Tem-se como poder maior, o Executivo e, nele, a figura do presidente da República. Sem tipificação de crime, apenas o Congresso tem o poder de destitui-lo. Na base do poder do presidente, a maior ou menor popularidade e a avaliação de forças para a eventualidade do impeachment – quem ganha e quem perde com a decisão.

Em torno dessa relação Executivo-Congresso, pululam outras forças: o Judiciário, o Ministério Público Federal e a velha mídia.

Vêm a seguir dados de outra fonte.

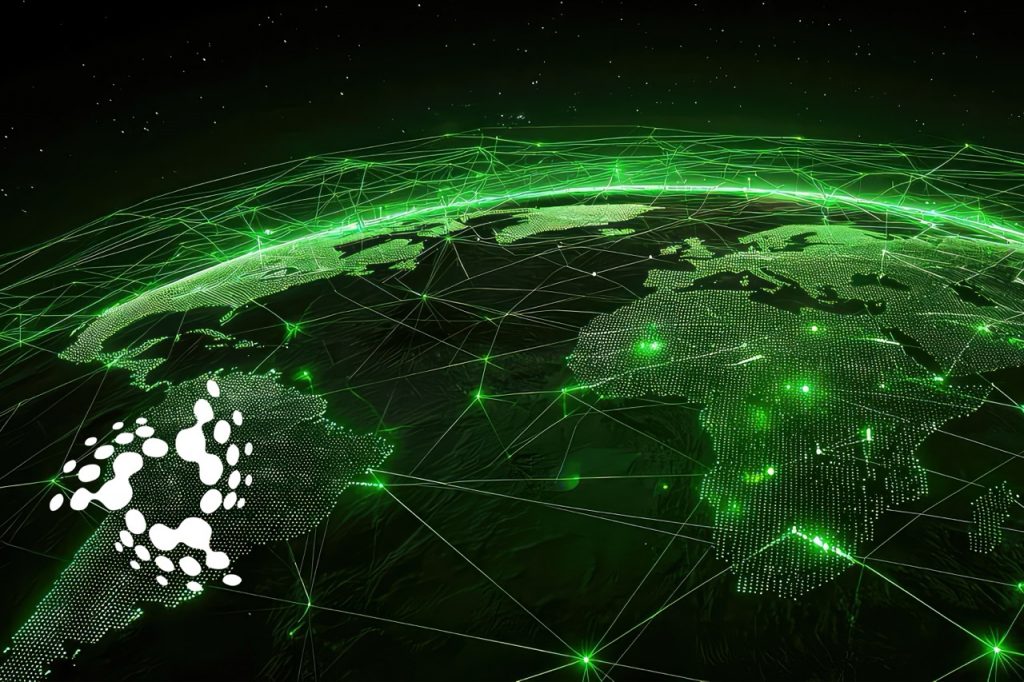 Digital green network overlay connecting continents, symbolizing global green engineering and sustainability integration.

Na América Latina pós-redemocratização houve alianças pontuais entre Congresso, mídia e justiça permitindo parcerias fatais. Em torno de bum escândalo real ou amplificado, a mídia comandava uma campanha pesada contra o presidente fornecendo o álibi para que o parlamento articulasse o impeachment.

Nem se pense que esse tipo de manobra tinha como alvo apenas governantes de esquerdas. Presidentes que abriram a economia e promoveram a privatização, como Carlos Andres Perez, da Venezuela, e Fernando Collor, do Brasil, foram alvos da mesma manobra. No início do segundo mandato, o alvo foi FHC, em uma campanha pesada fruto da parceria mídia-ACM (o ex-governador baiano Antônio Carlos Magalhães).

Agora, tem-se a presidente Dilma Rousseff em um dos piores patamares de popularidade da história – superada apenas por FHC pós-desvalorização cambial. Tem-se um Congresso sem freios, comandado por duas das piores expressões políticas do parlamento – Eduardo Cunha e Renan Calheiros. Tem-se uma operação policial, a Lava Jato, sem nenhuma preocupação com os desdobramentos econômicos, paralisando a cadeia do petróleo e gás sob os olhares acomodados da presidente, do seu Ministro da Justiça e do Procurador Geral da República.


Tem-se uma economia afundando sabe-se lá até quando, saindo dos exageros da distribuição generalizada de incentivos para os exageros de um corte fiscal drástico em pleno processo recessivo.
E tem-se um Ministro da Fazenda, Joaquim Levy, incapaz (pelo menos até agora) de apontar a estratégia pós-ajuste fiscal, que pelo menos crie uma expectativa positiva nessa travessia do deserto.
Por todos esses aspectos, só a ideologia mais rastaquera, ou o sensacionalismo mais barato, para supor ser possível empurrar goela abaixo do Congresso o pacote fiscal inteiro, da maneira como saiu do gabinete do Ministro.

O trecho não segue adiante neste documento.